The task = Transcribe all the entries that follow, leaving nothing out.

━━━━━ Exercise material ━━━━━

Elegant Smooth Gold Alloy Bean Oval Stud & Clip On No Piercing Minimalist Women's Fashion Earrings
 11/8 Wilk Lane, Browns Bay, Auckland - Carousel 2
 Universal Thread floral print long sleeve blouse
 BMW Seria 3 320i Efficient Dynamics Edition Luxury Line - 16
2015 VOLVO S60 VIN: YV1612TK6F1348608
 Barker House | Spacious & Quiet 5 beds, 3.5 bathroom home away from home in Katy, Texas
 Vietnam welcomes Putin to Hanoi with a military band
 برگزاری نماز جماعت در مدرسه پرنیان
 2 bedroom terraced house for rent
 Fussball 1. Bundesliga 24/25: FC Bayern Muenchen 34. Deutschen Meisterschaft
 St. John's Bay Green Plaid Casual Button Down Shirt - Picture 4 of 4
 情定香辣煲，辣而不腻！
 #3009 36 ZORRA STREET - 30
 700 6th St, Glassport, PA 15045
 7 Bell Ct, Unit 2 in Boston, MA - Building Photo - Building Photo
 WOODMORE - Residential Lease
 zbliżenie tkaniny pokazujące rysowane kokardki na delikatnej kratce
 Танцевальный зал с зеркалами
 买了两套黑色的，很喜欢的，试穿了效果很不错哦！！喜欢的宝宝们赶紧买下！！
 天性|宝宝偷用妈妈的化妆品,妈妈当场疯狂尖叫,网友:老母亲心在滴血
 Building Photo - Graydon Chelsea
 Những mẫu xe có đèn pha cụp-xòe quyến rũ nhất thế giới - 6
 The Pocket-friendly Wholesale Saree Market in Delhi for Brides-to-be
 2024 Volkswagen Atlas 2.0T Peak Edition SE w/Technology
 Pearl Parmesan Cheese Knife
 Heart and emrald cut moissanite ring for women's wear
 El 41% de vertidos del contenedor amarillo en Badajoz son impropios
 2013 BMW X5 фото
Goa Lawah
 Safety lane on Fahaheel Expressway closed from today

━━━━━

Expected output =
Elegant Smooth Gold Alloy Bean Oval Stud & Clip On No Piercing Minimalist Women's Fashion Earrings
 11/8 Wilk Lane, Browns Bay, Auckland - Carousel 2
 Universal Thread floral print long sleeve blouse
 BMW Seria 3 320i Efficient Dynamics Edition Luxury Line - 16
2015 VOLVO S60 VIN: YV1612TK6F1348608
 Barker House | Spacious & Quiet 5 beds, 3.5 bathroom home away from home in Katy, Texas
 Vietnam welcomes Putin to Hanoi with a military band
 برگزاری نماز جماعت در مدرسه پرنیان
 2 bedroom terraced house for rent
 Fussball 1. Bundesliga 24/25: FC Bayern Muenchen 34. Deutschen Meisterschaft
 St. John's Bay Green Plaid Casual Button Down Shirt - Picture 4 of 4
 情定香辣煲，辣而不腻！
 #3009 36 ZORRA STREET - 30
 700 6th St, Glassport, PA 15045
 7 Bell Ct, Unit 2 in Boston, MA - Building Photo - Building Photo
 WOODMORE - Residential Lease
 zbliżenie tkaniny pokazujące rysowane kokardki na delikatnej kratce
 Танцевальный зал с зеркалами
 买了两套黑色的，很喜欢的，试穿了效果很不错哦！！喜欢的宝宝们赶紧买下！！
 天性|宝宝偷用妈妈的化妆品,妈妈当场疯狂尖叫,网友:老母亲心在滴血
 Building Photo - Graydon Chelsea
 Những mẫu xe có đèn pha cụp-xòe quyến rũ nhất thế giới - 6
 The Pocket-friendly Wholesale Saree Market in Delhi for Brides-to-be
 2024 Volkswagen Atlas 2.0T Peak Edition SE w/Technology
 Pearl Parmesan Cheese Knife
 Heart and emrald cut moissanite ring for women's wear
 El 41% de vertidos del contenedor amarillo en Badajoz son impropios
 2013 BMW X5 фото
Goa Lawah
 Safety lane on Fahaheel Expressway closed from today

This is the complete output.